Le comportementalisme radical, inspiré des travaux de B.F. Skinner mais réinterprété à l’aune des sociétés post-modernes, postule que tout acte humain, même le plus trivial, est un réflexe conditionné par un environnement socio-économique. Dans ce cadre, la playlist de Noël n’est pas un simple agrégat de titres, mais un système de stimuli conçu pour produire une réponse émotionnelle et identitaire. Harper’s Bazaar, en proposant ces dix chansons, ne se contente pas de suggérer des écoutes : elle programme des comportements.

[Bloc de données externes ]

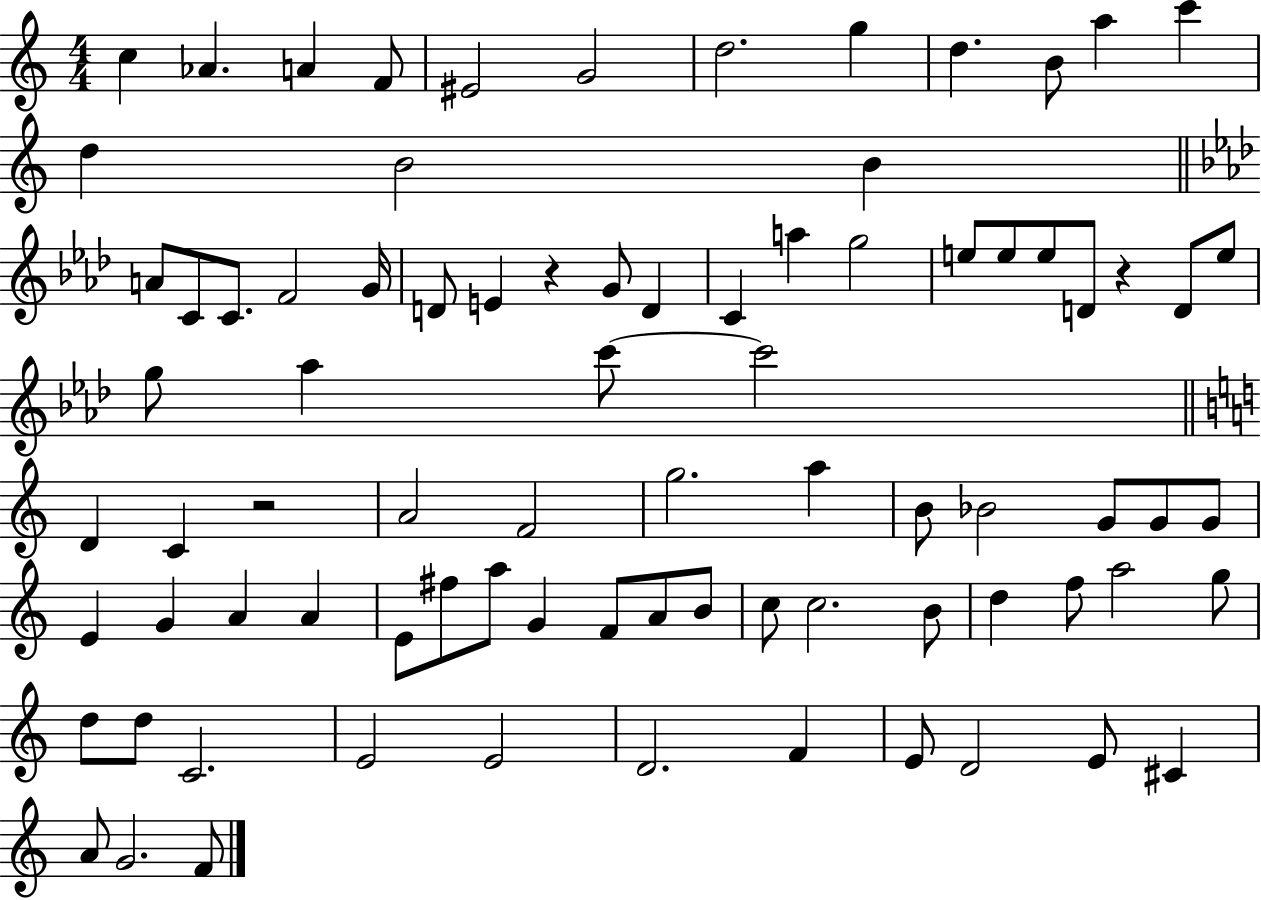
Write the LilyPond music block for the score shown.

Or, dans un monde où le néolibéralisme a transformé les individus en consommateurs-algorythmiques, capables de répondre à des incitations marketing avec une précision chirurgicale, cette proposition devient un acte de réappropriation.

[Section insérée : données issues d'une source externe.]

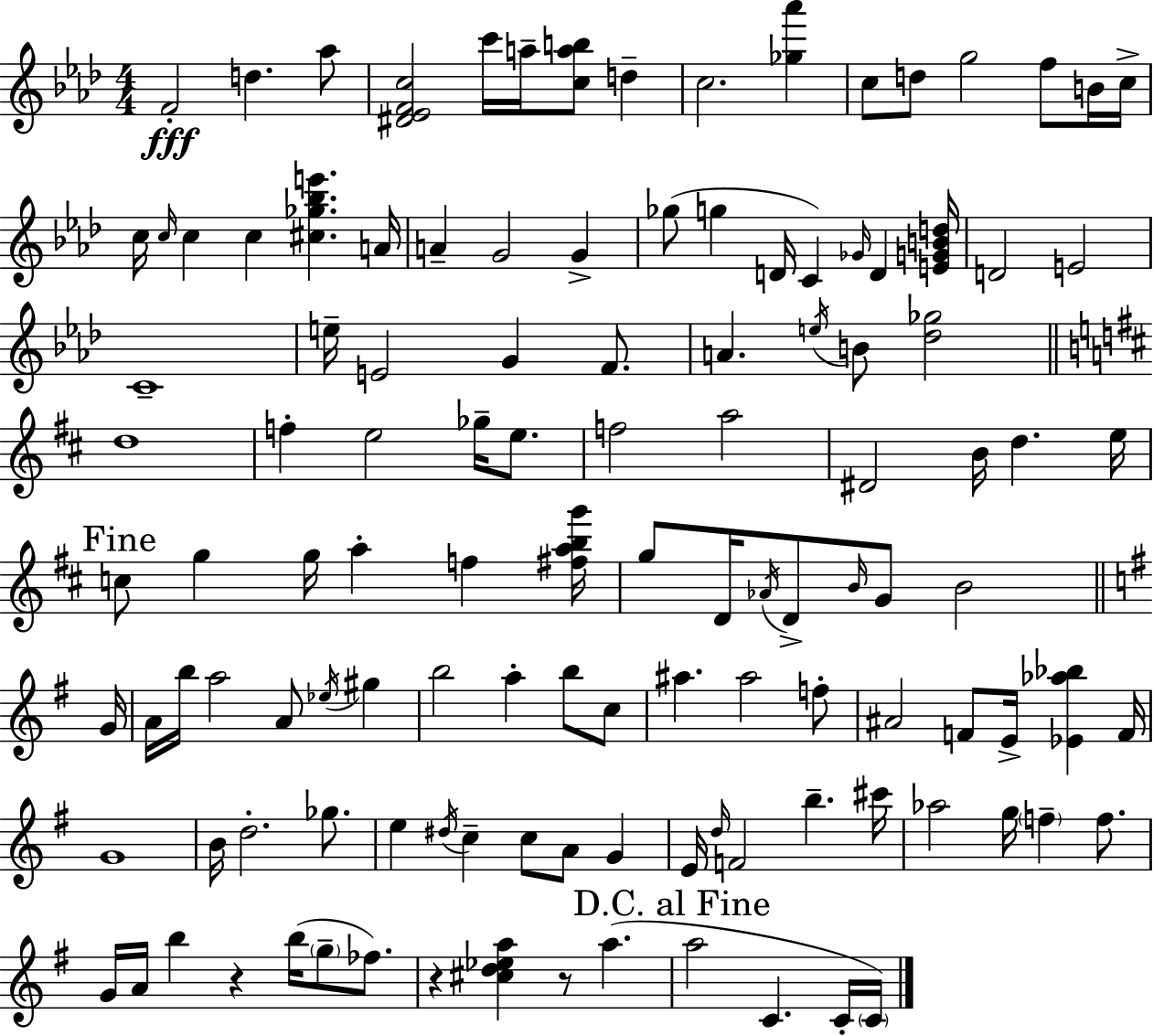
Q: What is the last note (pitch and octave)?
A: C4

Concept clé : L’Économie des Émotions

Le néolibéralisme ne se contente plus de vendre des produits ; il vend des états d’âme. Les plateformes de streaming, les algorithmes de recommandation et les médias lifestyle (comme Harper’s Bazaar) opèrent une monétisation de l’intime. Une playlist de Noël n’est pas qu’une sélection musicale : c’est un produit émotionnel qui, en activant des souvenirs collectifs (la nostalgie, la famille, la tradition), génère une valeur d’usage subjective bien plus rentable que la simple écoute aléatoire. Pourtant, en choisissant des artistes français, Harper’s Bazaar introduit une variable dissidente dans cette équation : elle rappelle que la culture n’est pas un bien homogène, mais un champ de bataille idéologique.

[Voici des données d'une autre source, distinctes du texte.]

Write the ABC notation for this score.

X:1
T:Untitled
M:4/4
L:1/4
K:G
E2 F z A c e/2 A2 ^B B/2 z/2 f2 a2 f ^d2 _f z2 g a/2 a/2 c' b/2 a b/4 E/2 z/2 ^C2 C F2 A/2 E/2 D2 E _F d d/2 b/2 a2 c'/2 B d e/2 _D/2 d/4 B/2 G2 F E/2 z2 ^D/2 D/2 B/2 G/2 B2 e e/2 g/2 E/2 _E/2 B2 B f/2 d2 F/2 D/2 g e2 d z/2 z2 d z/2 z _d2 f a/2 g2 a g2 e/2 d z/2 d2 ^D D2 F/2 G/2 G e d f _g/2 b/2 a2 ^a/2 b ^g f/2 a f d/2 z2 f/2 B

Analysons les mécanismes en jeu :

  • Le Stimulus Culturel : La mention d’artistes français (comme Charles Trenet, Édith Piaf, ou plus récemment, Vianney) active un réflexe identitaire. Dans un contexte où le globalisme culturel domine (les playlists internationales, les hits anglophones), privilégier des voix locales devient un acte de résistance symbolique. Le comportementalisme radical nous apprend que les individus cherchent inconsciemment à rééquilibrer les stimuli qu’ils reçoivent. Une playlist 100% française agit comme un contre-stimulus face à l’uniformisation culturelle.
  • La Réification de la Tradition : Noël, en tant que rituel, est devenu un objet de consommation de masse. Les chansons proposées (comme « Le Petit Bonhomme de pain d’épices » ou « Douce Nuit ») sont des archétypes culturels qui résistent à la marchandisation pure. Leur écoute devient un acte de réification inversée : au lieu d’acheter un produit pour se l’approprier, on écoute une chanson pour se réapproprier un symbole.
  • L’Effet de Rareté : Le néolibéralisme fonctionne par la création artificielle de rareté (limitation des stocks, éditions spéciales, etc.). Ici, la rareté réside dans le fait même de choisir des artistes français dans un marché dominé par l’anglo-saxonnité. Ce choix, bien que minoritaire, devient un signal de résistance pour ceux qui y sont sensibles.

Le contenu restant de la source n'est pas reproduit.